= Sebastian Kamwanga =

Sebastian Kamwanga (29 April 1929 – 22 January 1999) was a Hompa (king) of the Gciriku, one of five kingdoms of the Kavango people in northern Namibia, from 1985 to 1999. His royal seat was situated at Mamono. He sat in the Legislative Council and the Executive Council of Kavangoland from 1973 until Namibian independence in 1990 when Bantustans were abolished along with the South African apartheid occupation of South-West Africa.

Kamwanga was born on April 29, 1929, in the village of Shankara in the Kavango Region. He completed teacher education at Döbra in 1951 and began training as Roman Catholic Catechist at Bunya Catholic Mission in 1959.

Soon after being crowned Hompa of the Gciriku in 1985, Kamwanga drew criticism from his peer traditional leaders in the Kavango kingdom for referring to himself as Nkuruhompa (paramount chief), implying that he was the prime leader of the Kavango and paramount over the other four vaHompa. This turned out to be a misunderstanding because he was chairman of the Executive Council of Kavangoland at that time and as such indeed in a position of power, albeit in modern rather than traditional politics.

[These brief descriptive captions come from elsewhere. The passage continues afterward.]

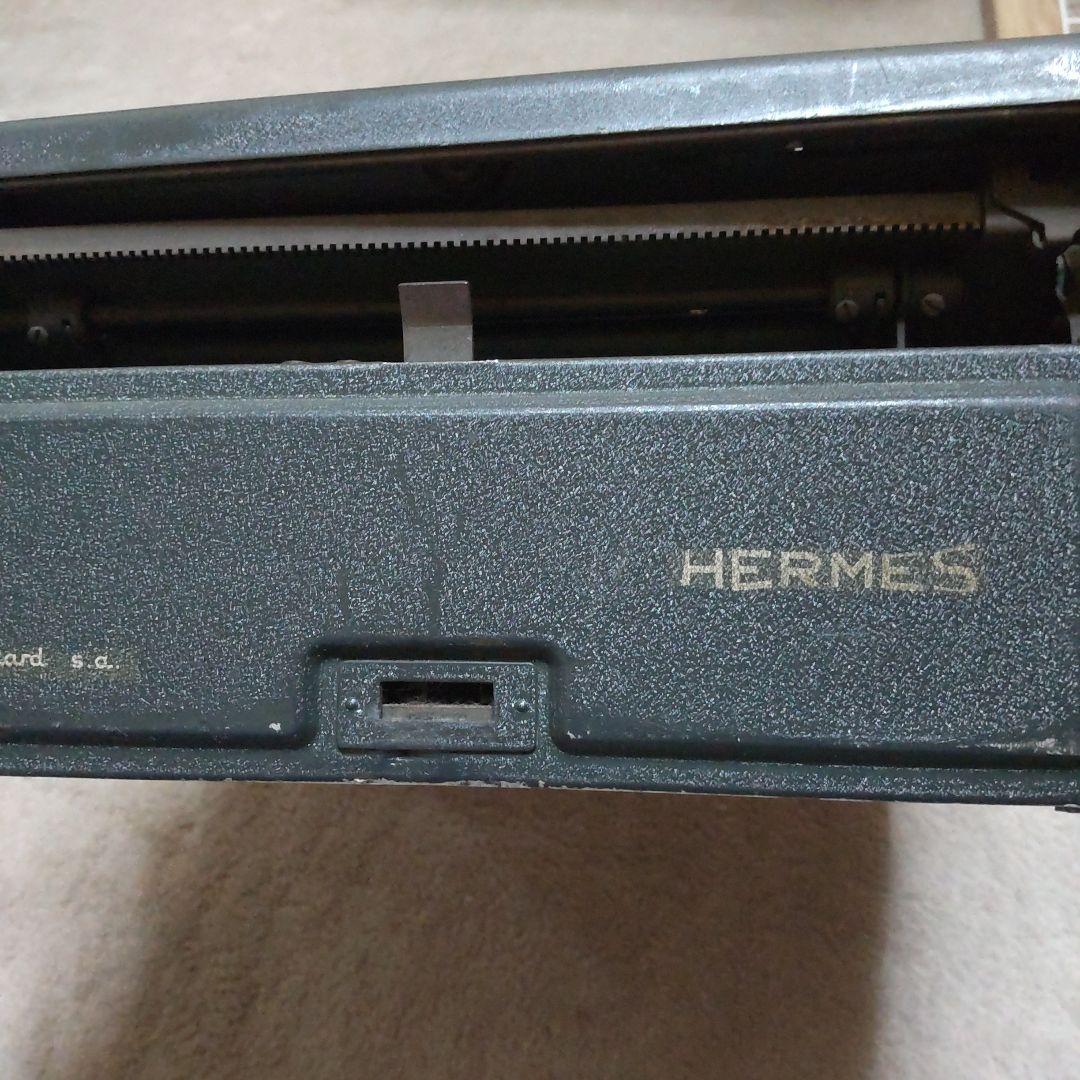 アンティーク好きな方に！ヴィンテージ HERMES タイプライター ブラック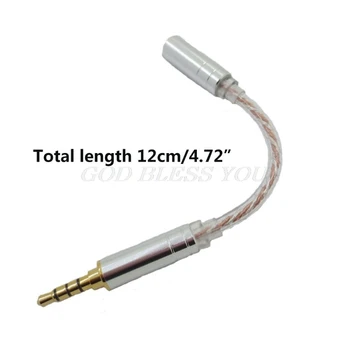 HIFI Echilibru Cablu Audio de sex Masculin 2.5 mm la 3.5 mm 4.4 mm de sex Feminin Linie de Căști Adaptor Picătură de Transport maritim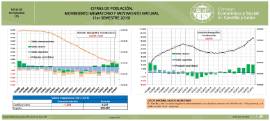 Cifras de Población. Movimiento migratorio y movimiento natural [1er semestre 2019]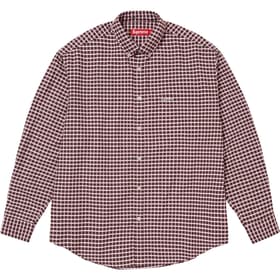 Supreme Loose Fit Oxford Shirt Brown Plaid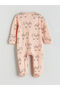 Lcw Kids Pink Printed Strappy Baby Girl Jumpsuit 2-Piece - 4
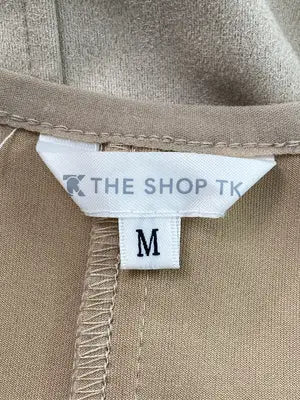 THE SHOP TK/ザショップティーケー/ノーカラーコート/ジャケット/アウター/ベージュ/M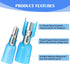 EEEkit 100pcs Heat Shrink Bullet Connectors, Female & Male Bullet Butt Crimp Terminals Assortment Kit for Automotive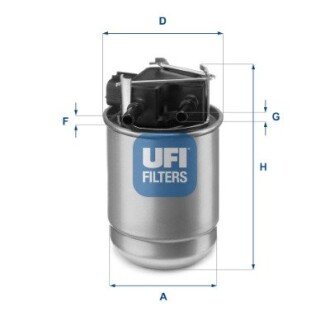 Фільтр паливний ufi 55.517.00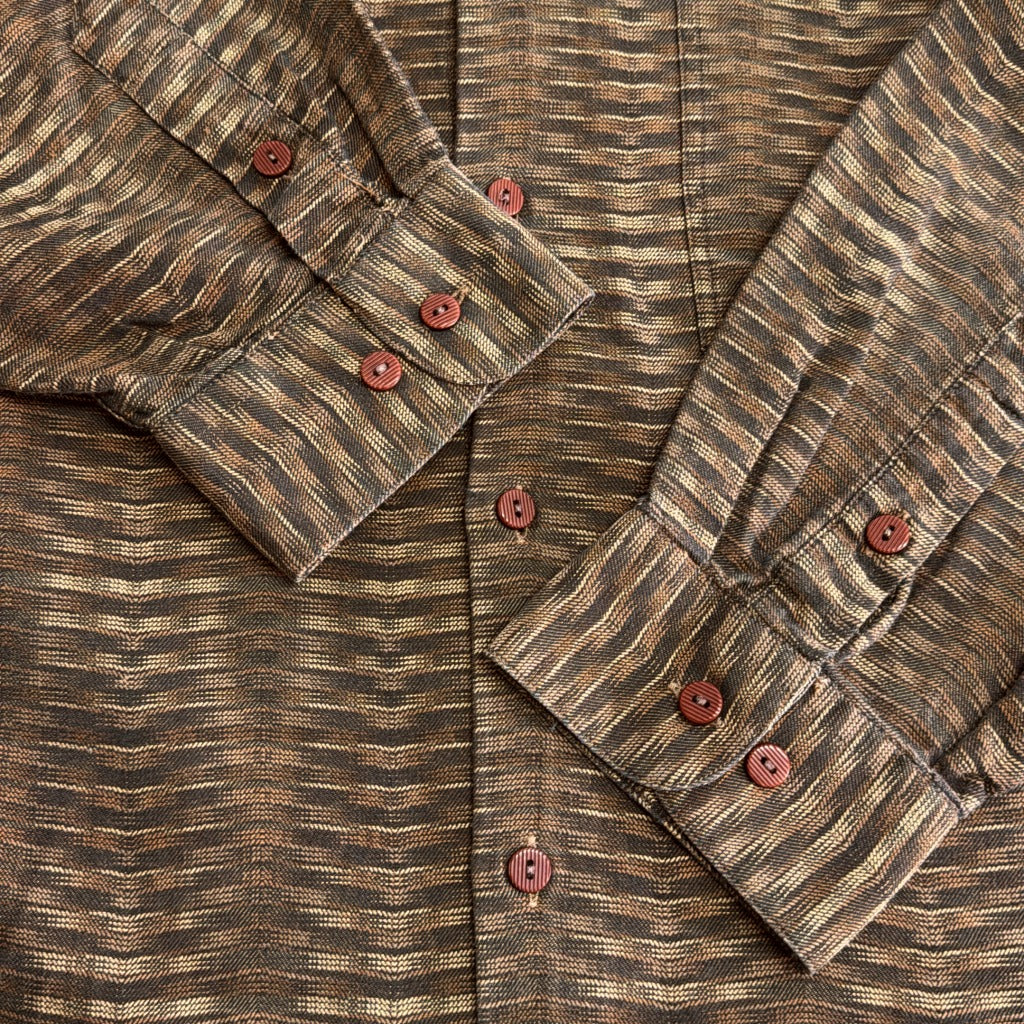 90s JHANE BARNES Patterned Shirt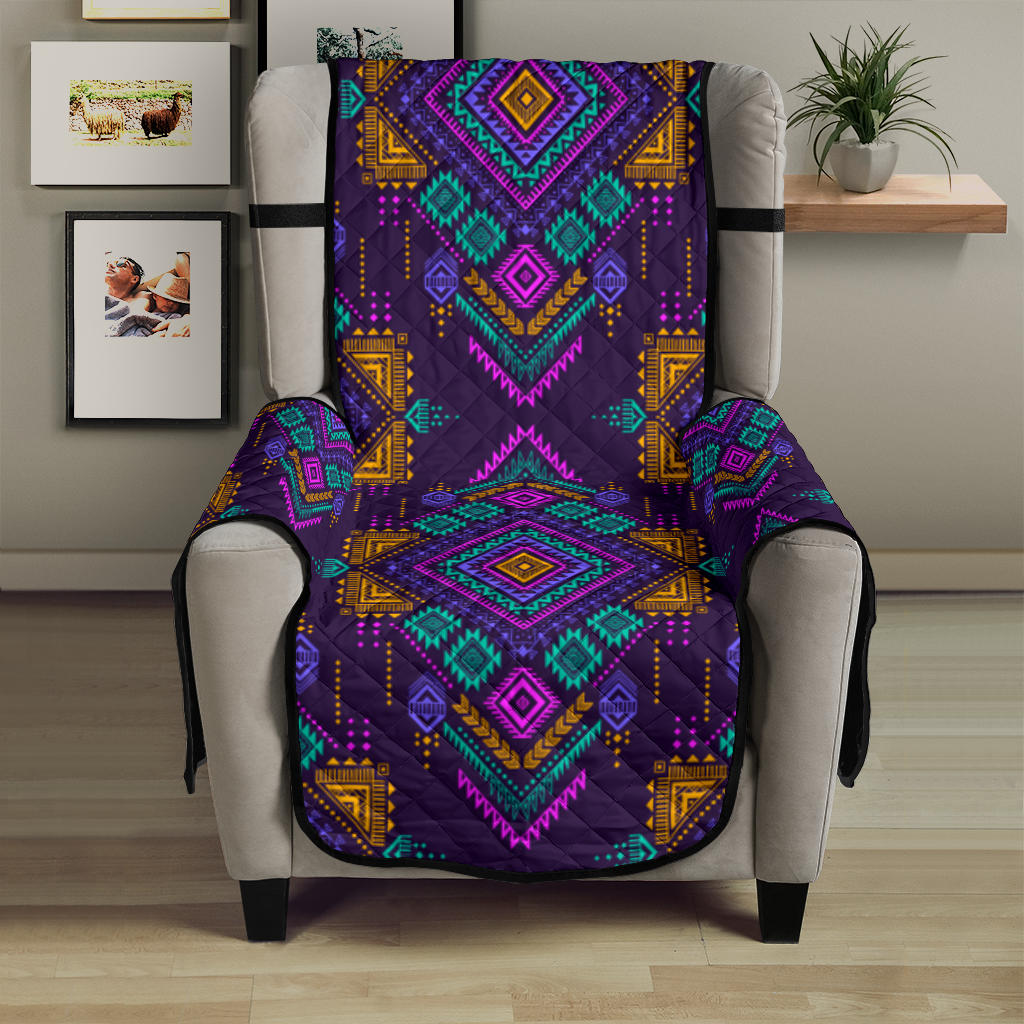 GB-NAT00581 Seamless Multicolored Tribal 23" Chair Sofa Protector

Sebastian Kamwanga was a member of the Democratic Turnhalle Alliance (DTA) but nevertheless friendly towards SWAPO people and aims. In the mid-1980s his farm Shamangomba was used as People's Liberation Army of Namibia (PLAN) operational base for their guerrilla actions in the Namibian struggle for independence against the South African army.

He was a passionate pianist, performing at church services, and assisted with the Bible translation from Afrikaans into Rumanyo, his native tongue. Seven children resulted from his marriage to Regina Nankali Mberema. Kamwanga died on January 22, 1999.